South America’s dwarf cichlids are visually stunning aquarium specimens. Many of the species in the group—including the wildly popular Mikrogeophagus ramirezi and Apistogramma cacatuoides—are known for their delicate ornamental fins and dazzling mix of colours.
Dwarf cichlids don’t try to get by on looks alone! They’re also renowned for their fascinating behaviours and personality. Many species in the group will form strong pair bonds with their breeding partner. If breeding is successful, the fry stay with their parents (who protect them as a team) until they’re large enough to look after themselves.
Establishing a suitable aquarium
Most South American dwarf cichlids are peaceful fish that can be kept in a community aquarium with other similarly sized fish non-aggressive fish. Usually only male should be kept in each aquarium and—depending on the specific species—he should share the tank with one or several females.
A 75 litre planted aquarium is ideal. The tank should have a sandy substrate, dense clumps of plants, good hiding places, and some open swimming areas. Dwarf cichlids are timid fish that prefer to stay secluded in a lower part of the aquarium. They work well with tank mates that prefer sticking to the top of the aquarium.
Dwarf cichlids demand extremely high water quality, so frequent water changes are a must.
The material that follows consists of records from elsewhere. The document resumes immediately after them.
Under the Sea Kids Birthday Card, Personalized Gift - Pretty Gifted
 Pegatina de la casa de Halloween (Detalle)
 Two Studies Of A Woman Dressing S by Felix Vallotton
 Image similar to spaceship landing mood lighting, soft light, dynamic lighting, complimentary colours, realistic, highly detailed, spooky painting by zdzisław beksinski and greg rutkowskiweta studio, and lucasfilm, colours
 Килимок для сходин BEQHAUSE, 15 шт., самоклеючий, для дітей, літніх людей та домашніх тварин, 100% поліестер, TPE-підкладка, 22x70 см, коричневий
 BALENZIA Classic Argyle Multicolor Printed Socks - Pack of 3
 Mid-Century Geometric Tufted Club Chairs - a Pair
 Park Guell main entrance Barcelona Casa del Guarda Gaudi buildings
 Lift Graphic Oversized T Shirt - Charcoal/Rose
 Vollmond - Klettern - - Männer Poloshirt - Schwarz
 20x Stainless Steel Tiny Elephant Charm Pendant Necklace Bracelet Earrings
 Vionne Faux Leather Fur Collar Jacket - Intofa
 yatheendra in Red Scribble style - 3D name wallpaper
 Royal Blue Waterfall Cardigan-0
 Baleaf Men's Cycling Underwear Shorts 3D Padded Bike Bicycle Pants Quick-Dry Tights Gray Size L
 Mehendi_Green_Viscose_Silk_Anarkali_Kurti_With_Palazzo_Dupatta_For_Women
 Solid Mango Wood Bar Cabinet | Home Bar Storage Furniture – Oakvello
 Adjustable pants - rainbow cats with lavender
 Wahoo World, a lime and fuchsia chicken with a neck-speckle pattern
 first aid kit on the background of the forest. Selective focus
They prefer slightly acidic water with a pH between 5 and 7. Most of the commonly kept South American dwarf cichlids require a water temperature of around 25 degrees Celsius, however there’s several species from the southern parts of South America that prefer cooler water.
Diet & Feeding of Dwarf Cichlids
Dwarf cichlids enjoy a varied omnivorous diet that can be usually be satisfied with commercially-bought flakes and pellets. High-quality tropical fish flakes, sinking small cichlid pellets, and an occasional treat of live food will satisfy their dietary requirements.
Some members of the group sift through fine sand as part of their eating process. Mouth and gill problems have been observed in some fish when they’re denied access to sand.
Beautiful though they may be, many (perhaps even most) of the dwarf cichlid species require a level of care that beginner aquarists may be unable to provide. It’s better to start yourself off with hardier (and less expensive) tropical aquarium fish to hone your skills before moving on to the more delicate species discussed in this article.